В этой истории тоже много странного. Но главное, чего не принял во внимание Александр Исаевич — прежде чем отправиться на встречу с ним в Кок-Терек, джамбульский сотрудник КГБ должен был навести справки о своём собеседнике. И тогда бы выяснилось, что тот ещё одиннадцать лет назад изъявил готовность сотрудничать и до сих пор в этом отношении оставался неиспользованным. И вот тут Александр Исаевич допустил прокол: его не могли вербовать в Кок-Тереке. Речь могла идти о возобновлении сотрудничества.
Значит, и здесь мы имеем дело или с фантазией, или с неискренностью. Но что могло заставить А.И. Солженицына ввести в свою книгу этот эпизод? С одной стороны, возможно, объяснение нужно искать в том, что освобождение заключённого или ссыльного — очень удобный момент для его вербовки и, по всей видимости, накануне освобождения пытались вербовать многих. С другой стороны, этот эпизод должен подчеркнуть, что на протяжении всего пребывания за колючей проволокой и в ссылке Александр Исаевич не имел никакого отношения к осведомительству.
Поведав нам историю о его вербовке на Калужской заставе, Александр Исаевич явно недооценил значения своего рассказа. Данная им тогда расписка как каинова печать должна была сопровождать его до конца жизни.
В «Приказе НКВД СССР № 00149 «Об агентурно-оперативном обслуживании исправительно-трудовых лагерей-колоний НКВД СССР» от 07.02.1940 г. говорилось, что на оперативные части лагерей возлагается «вербовка агентуры и осведомления среди заключённых преступников с расчётом на их дальнейшее использование по отбытии срока наказания»[616].
И если чисто теоретически можно допустить, что во время его проживания в Мильцево и первоначально в Рязани КГБ не обращал на него внимания (мало ли учителей в стране), то после того, как «Один день Ивана Денисовича» принёс ему славу и его автор стал вхож в самые элитарные круги московской интеллигенции, трудно представить, чтобы органы госбезопасности не сделал даже попытки вернуть своего бывшего секретного агента «Ветрова» к сотрудничеству.
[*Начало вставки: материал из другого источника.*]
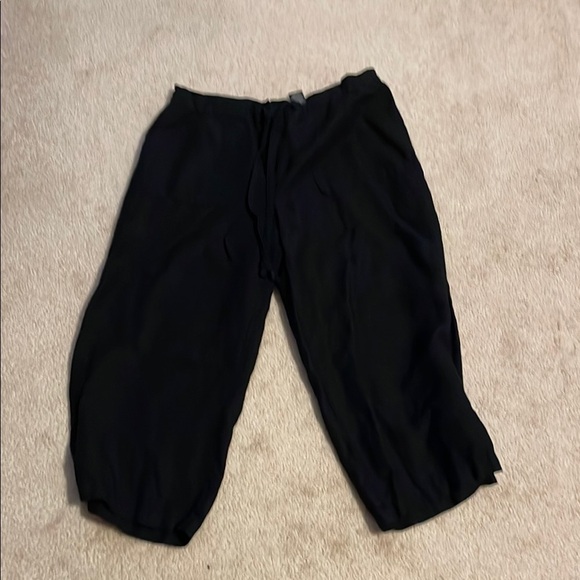New York and Compnay Black Cropped Pants - Picture 1 of 3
Однако ничего подобного на эту тему Александр Исаевич не сообщал.
И уж совершенно невероятно, чтобы, располагая таким козырем как расписка о сотрудничестве, КГБ не использовал его, когда А.И. Солженицын стал переходить в открытую оппозицию к советской власти, когда появились сведения о его работе над «Архипелагом», когда он стал публиковаться за границей и превращаться в кумира диссидентского движения. Не дурацкими звонками, не глупыми письмами, не требованием денег, а всего-навсего одной его подпиской о сотрудничестве можно было и парализовать его деятельность, и лишить его большинства поклонников, и нейтрализовать его зарубежных покровителей.
613
Когда я спросил одного работника МВД, почему личные дела некоторых заключённых до сих пор не выдают исследователям, он сказал, что это зависит от того, сотрудничал этот заключённый с оперчастью или же нет. И если личные дела не выдаются, это одно из свидетельств, что заключённый сотрудничал с оперчастью. Не в этом ли причина того, что личное дело заключённого А.И. Солженицына до сих пор не только не опубликовано, но и не открыто для исследователей? Не в этом ли причина того, что до сих пор не открыты и не опубликованы ни следственное дело А.И. Солженицына, ни дело о его реабилитации? Не с этим ли связано то, что в советское время были изъяты из архивов и другие документы о его жизни после возвращения из ссылки?
616
Приказ НКВД СССР № 00149 «Об агентурно-оперативном обслуживании исправительно-трудовых лагерей-колоний НКВД СССР» от 07.02.1940 // ГУЛАГ (Главное управление лагерей). С. 494–497.